I teared up upon learning that Pope Francis has been named 'Person of the Year' by Time Magazine. Each year they choose from news coverage who had the greatest effect, thereby naming him the 'most influential'. In the choice the quality of the influence is not an issue, just the quantity--yet this year goodness tipped the balance.
Along with other leaders, the Pope's competition also included: the current most evil dictator who has poisoned his own people and destroys his country in order to hold on to his power, the most embarrassingly outrageous exhibitionistic stage performer, the most narcissistic self-appointed 'fixer' who leaked national secrets, and an arrogant freshman congressman who took it upon himself to shut down the government. All of those did indeed exert influence upon 2013 and history will remember them in one way or another, but Time's choice helps me keep faith in the hope that humanity may yet save itself from itself. The world fell in love with this man who stepped forward to accept the mantel of power bestowed upon him with humility and simplicity, eschewing the lavish display of 'superiority' expected of his high position. He described himself as 'a sinner' and asks the people to pray for him. In his first public statements he chose to speak of showing mercy, of not judging the heart of others, and of following the call of Jesus to reach out to the poor and hurting. People and reporters can't get enough of him because he exemplifies the high state of true human dignity to which we are all called but few ever reach. The unprecedented response he received and keeps receiving from people of all ethnic and religious backgrounds makes him the most influential.
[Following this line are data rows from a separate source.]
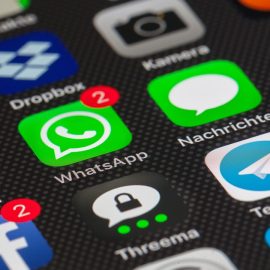 Création de charte graphique : pourquoi faire appel à une agence de branding ?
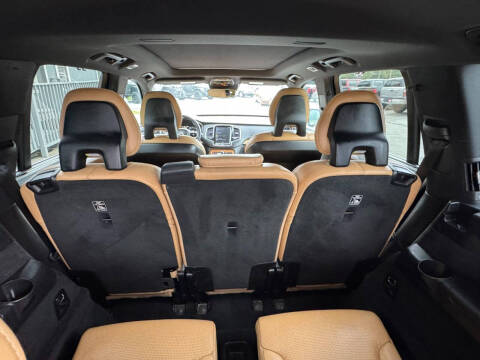 2018 Volvo XC90 T6 Inscription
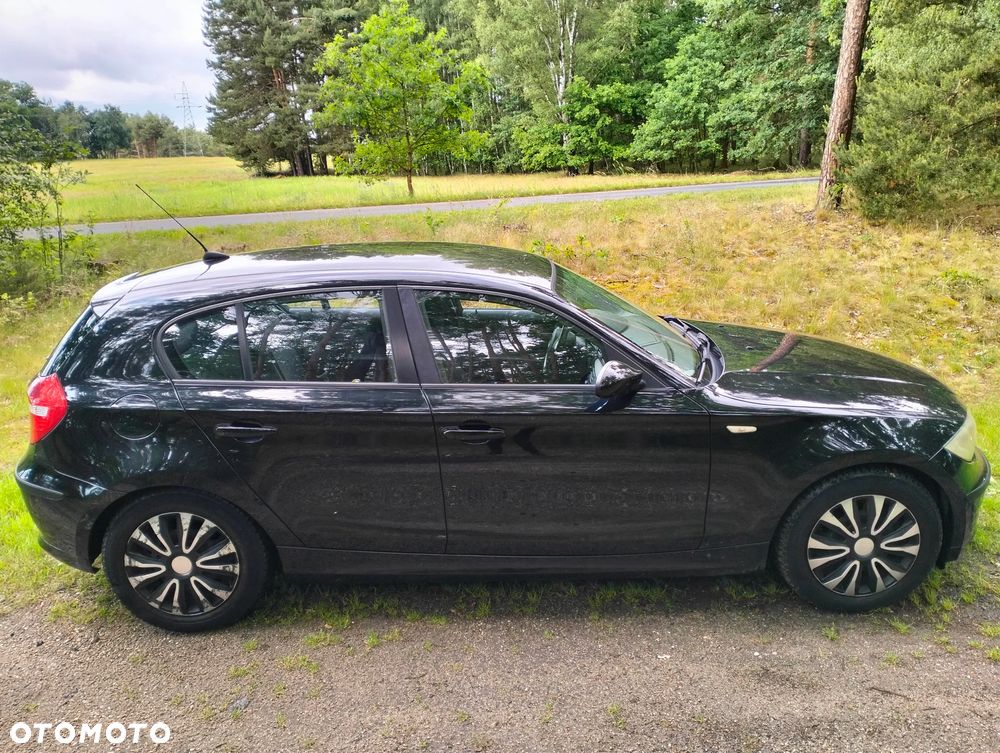 BMW Seria 1 - 26
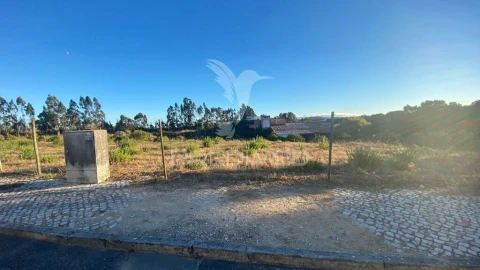 Terreno para Venda em Rio Maior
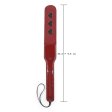 (image for) Double Layer Heart Paddle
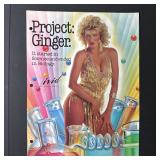 Vivid Video Project Ginger original VHS Ad...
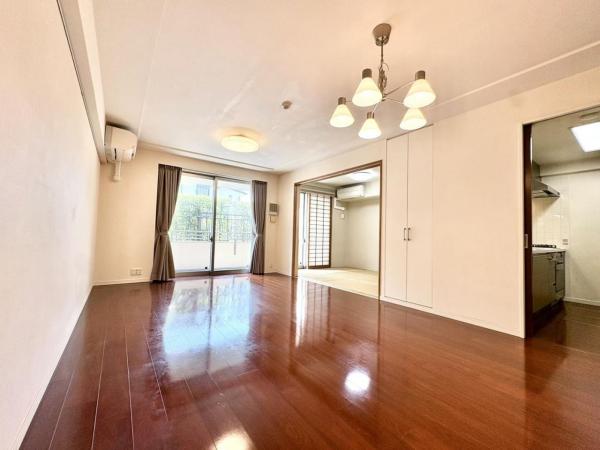 中古マンション 杉並区浜田山１丁目 京王井の頭線浜田山駅 1億1,480万円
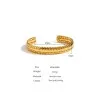 Bracelet Femme ALBERTO RICCI  YH1391A - ALBERTO RICCI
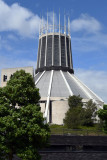 Metropolitan Cathedral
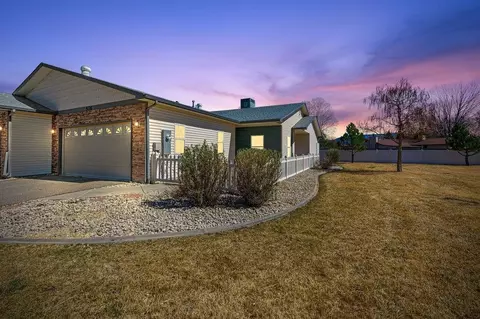 576 Willoughby St, Grand Junction, CO 81504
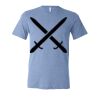 BELLA + CANVAS 3413 Triblend Tee Thumbnail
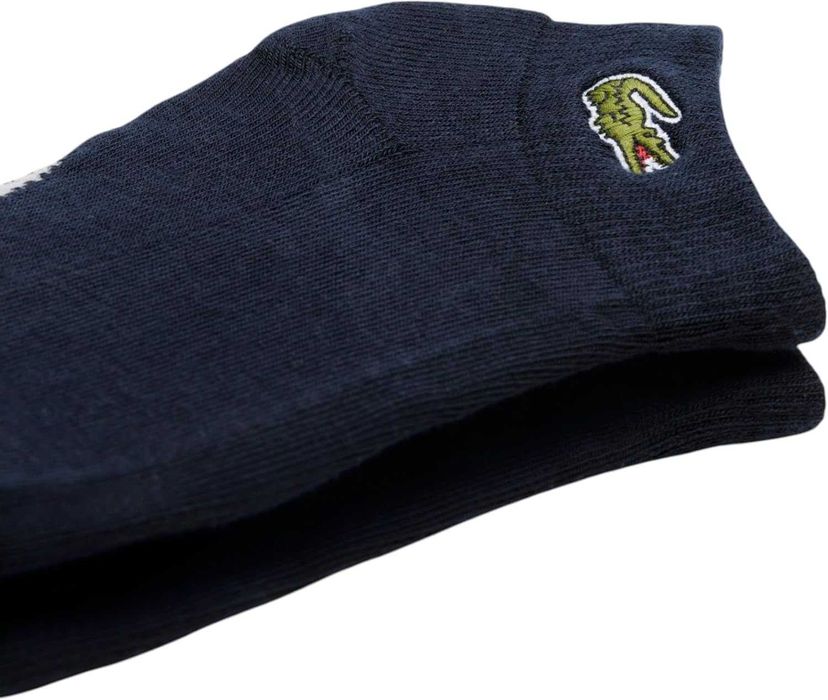 Lacoste Носки, оригинал, большой размер обуви 46 47 48 49 50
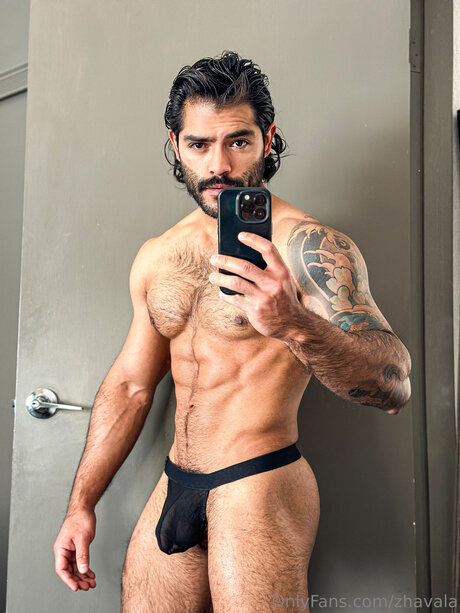 Zhavala free star img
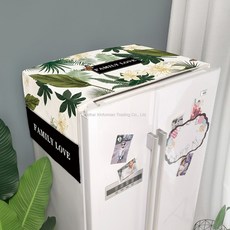 김치냉장고덮개80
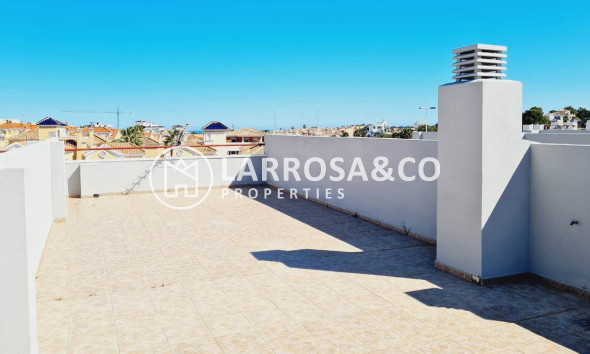 Herverkoop - Penthouse  - Villamartín - Costa Blanca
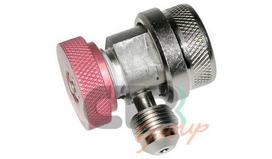 DENSO R134A HP greitoji jungtis, išorinis sriegis 1/4"S 4017576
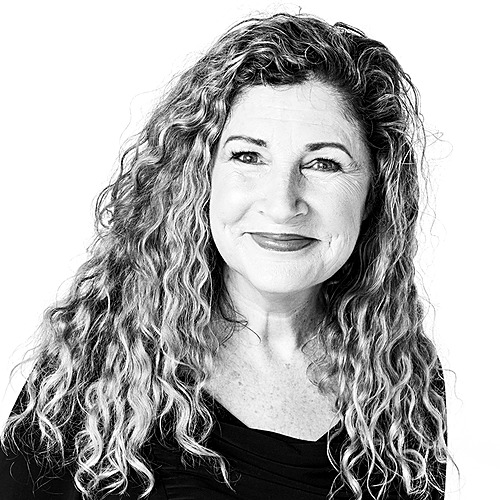 Headshot of Echo Montgomery Garrett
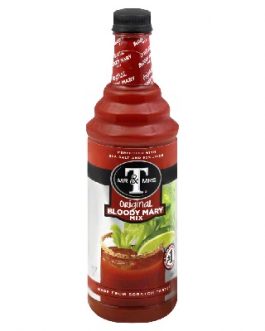 Mr & Mrs T Bloody Mary (12×33.8OZ )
The choice of Pope Francis as 'Man of the Year' stands apart from accolades shown another man of goodness and dignity who also has won the hearts of millions, Nelson Mandela. At his death this week there was an outpouring of love and honor given him by nations round the globe from citizens of the lowest rung on the social ladder to the highest dignitaries of state.
The connection I see between these two events is that regardless of the sound and fury of the famous, the outlandish, or the politically powerful, in the final analysis it is those from whom goodness shines who win the hearts of people in the long run. And that gives hope to look beyond the greed, violence, corruption and cynicism so prevalent and know that people still put the highest value on goodness.